DATA PROVIDED:
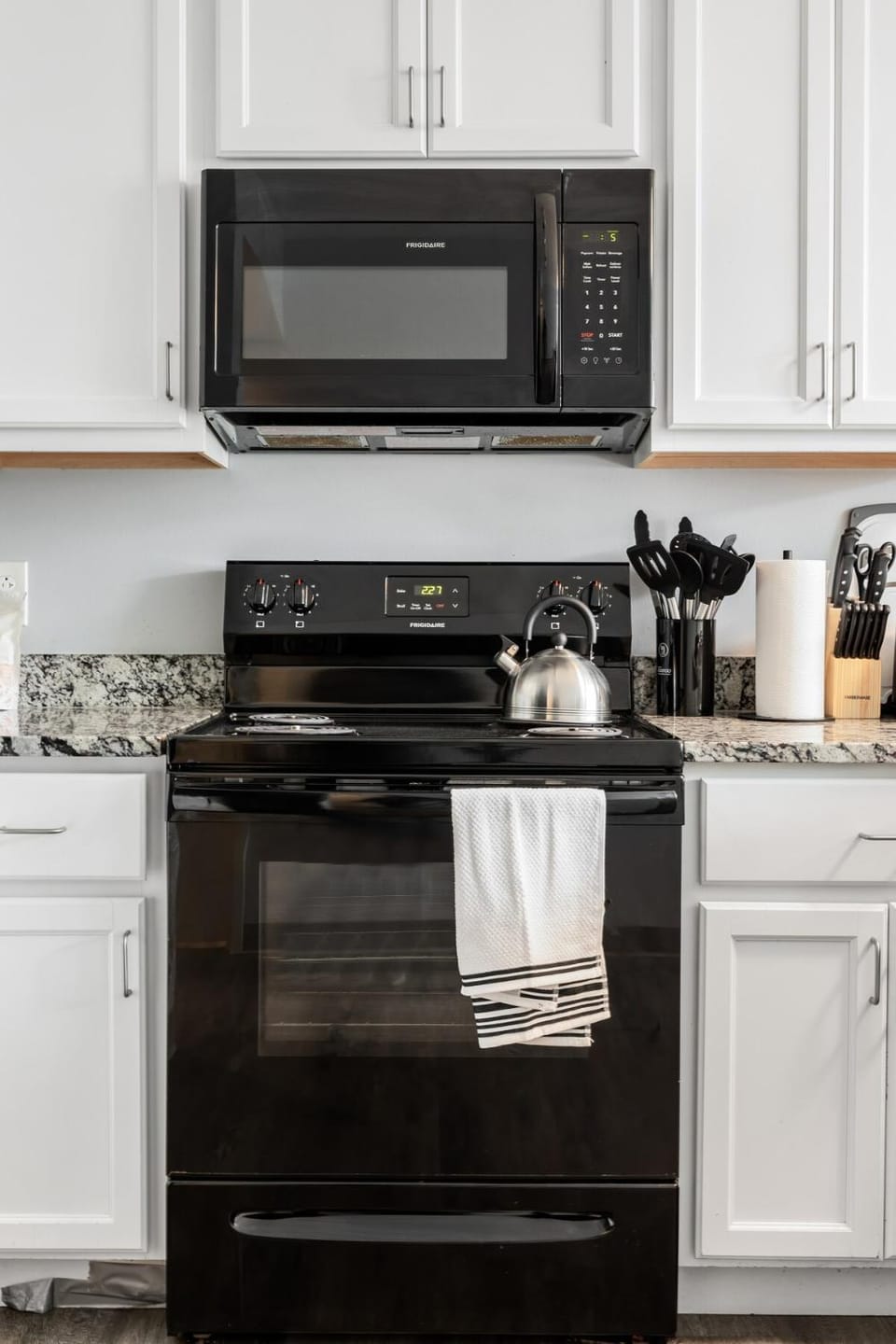 DT Pet Friendly Parking Gym Wifi Coffee Apartment in Cleveland Heights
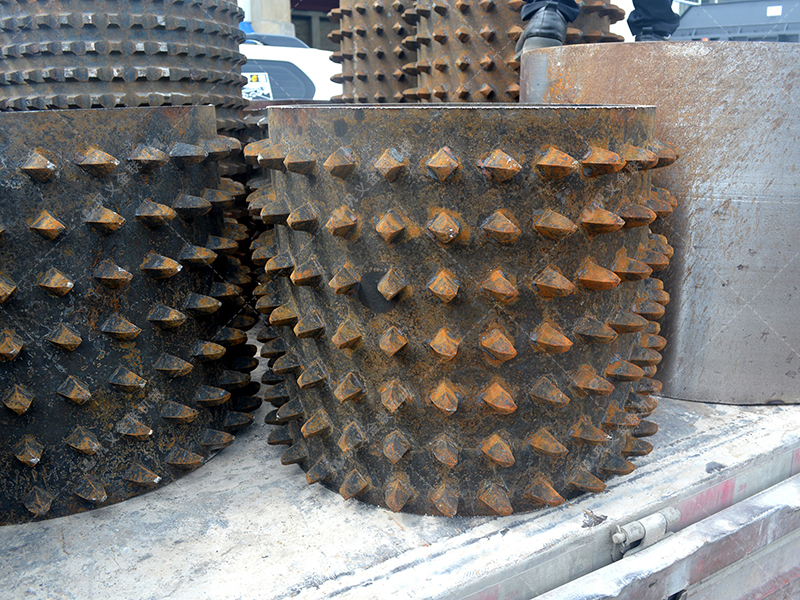 為何眾多混凝土再生廠家,都將雙齒輥破碎機(jī)視為生產(chǎn)線的 “定海神針”?? 為何眾多混凝土再生廠家,都將雙齒輥破碎機(jī)視為生產(chǎn)線的 “定海神針”??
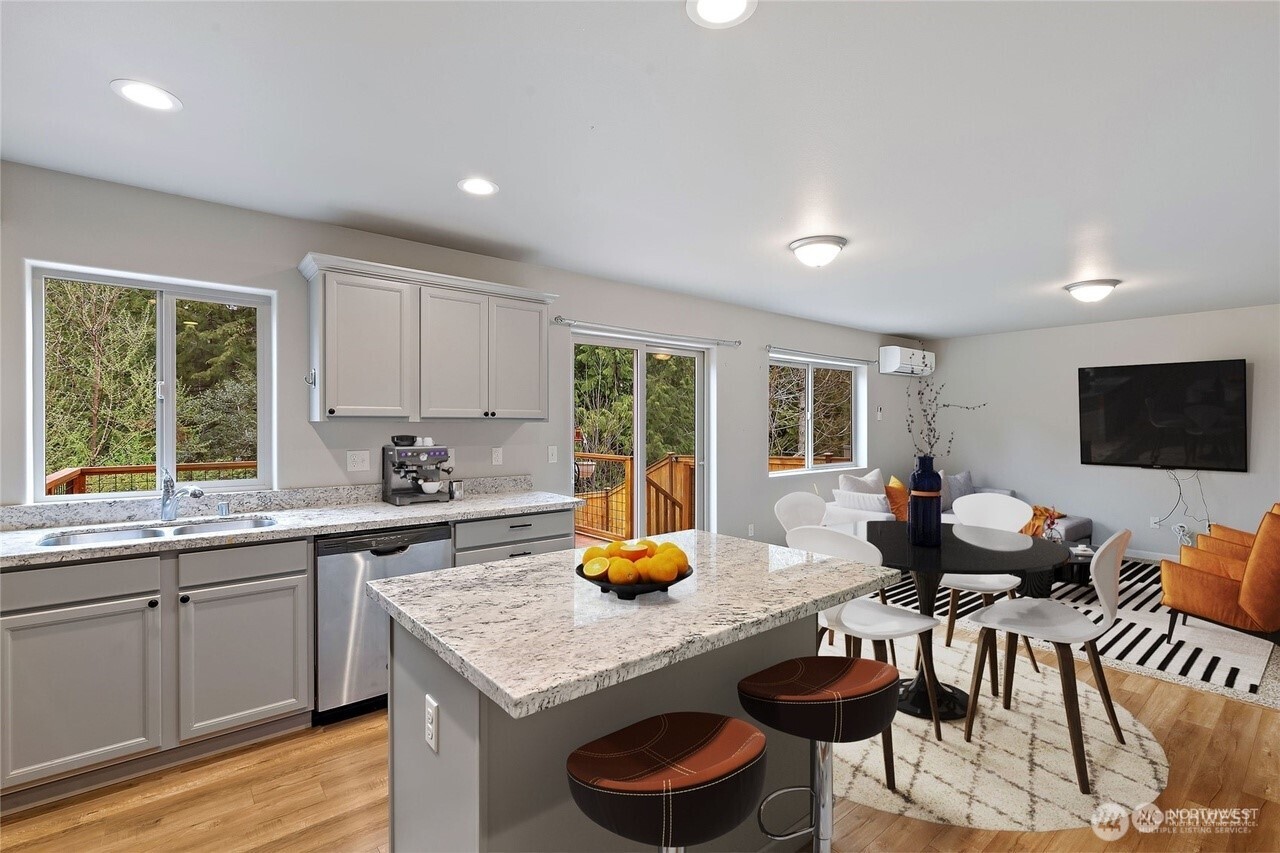 683 SE Olga Circle , Port Orchard, WA 98366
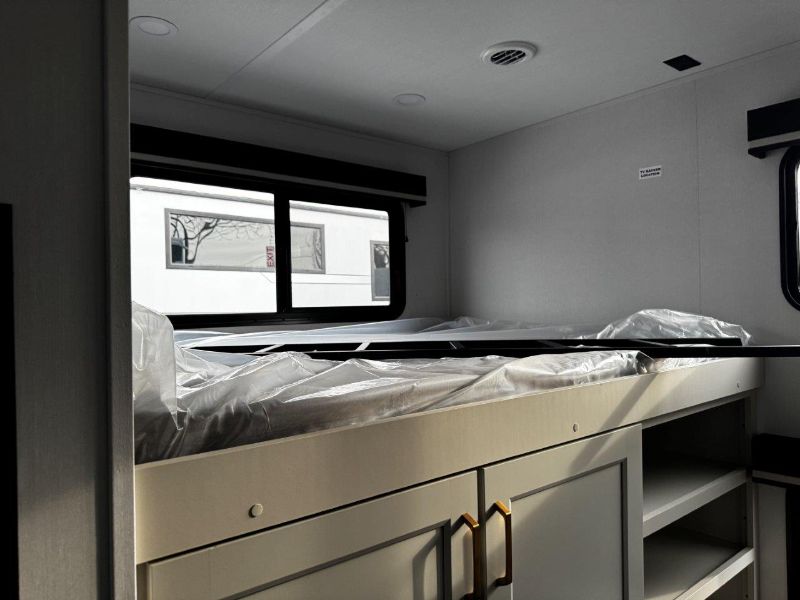 2026 Grand Design Influence 3904BH - Image 21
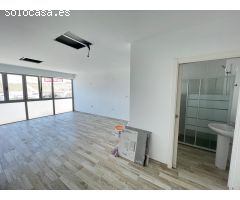 OPORTUNIDAD DE NEGOCIO EN LA URBANIZACIÓN LA MARINA, ALICANTE, COSTA BLANCA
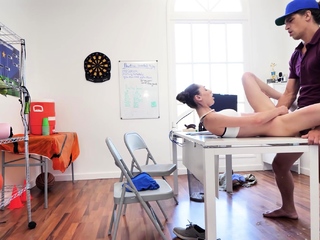 Brunette hardcore blowjob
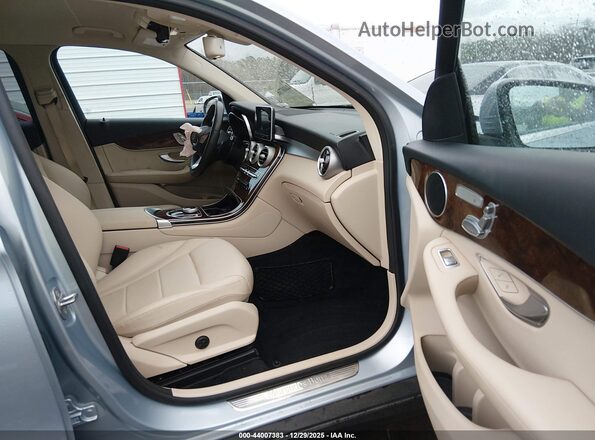 WDC0G4KB9HF206888 2017 MERCEDES-BENZ GLC 300 Light Blue Widok wnętrza z przodu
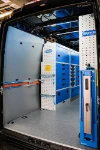 02_Linke Wand des Daily mit Platz für großes Ladegut und Ladungssicherungssystemen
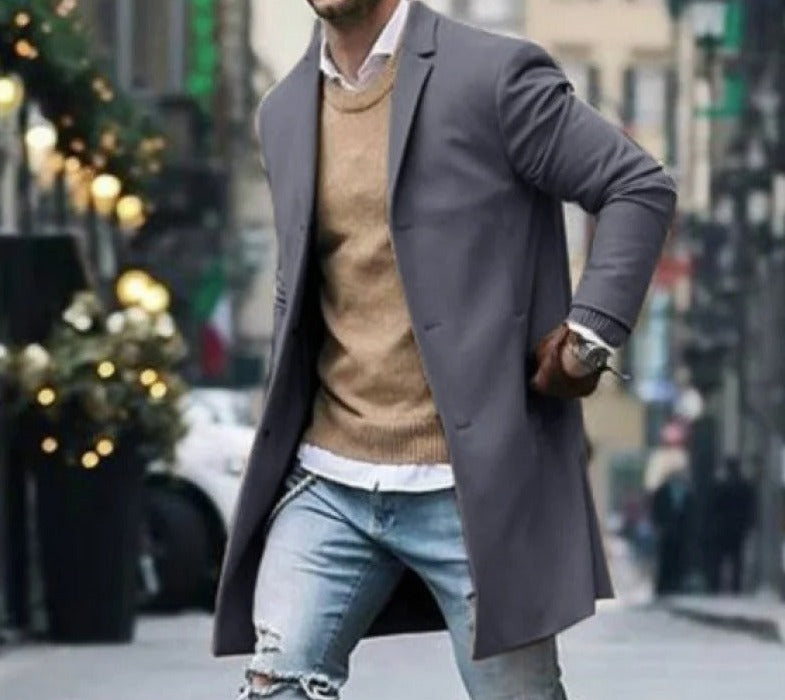 Moderne slim fit herre vinterjakke. Vindresistent yttertøy i ullblanding, ideelt for stilbevisste menn.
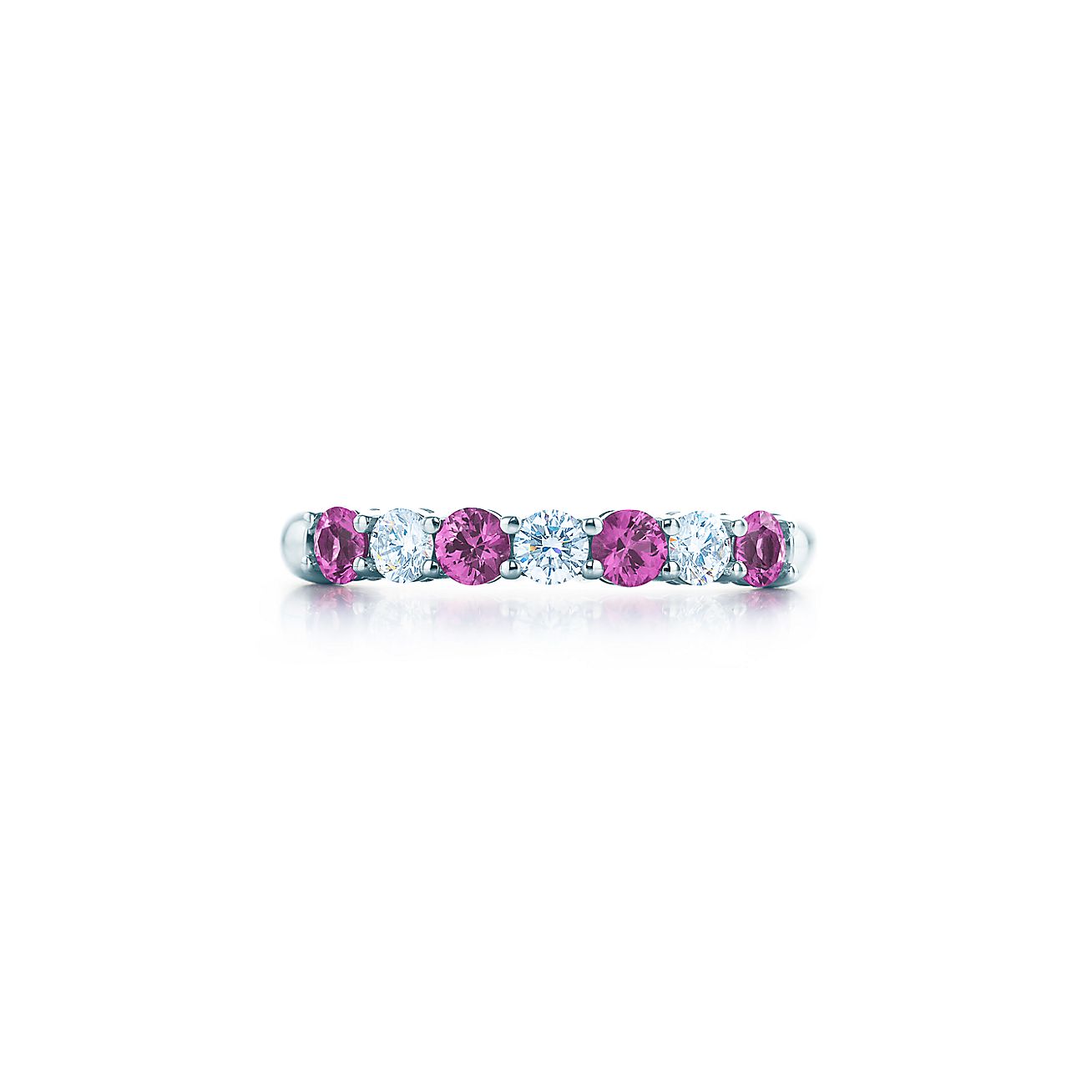 ティファニー エンブレイス バンドリング ダイヤモンド ピンク サファイヤ プラチナ | Tiffany & Co.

PROBLEM STATEMENT: Please print the lines above word for word, starting at the one with "WDC0G4KB9HF206888 2017 MERCEDES-BENZ" and ending at the one with "02_Linke Wand des", both included, and without any picture.

THE ANSWER:
 WDC0G4KB9HF206888 2017 MERCEDES-BENZ GLC 300 Light Blue Widok wnętrza z przodu
 02_Linke Wand des Daily mit Platz für großes Ladegut und Ladungssicherungssystemen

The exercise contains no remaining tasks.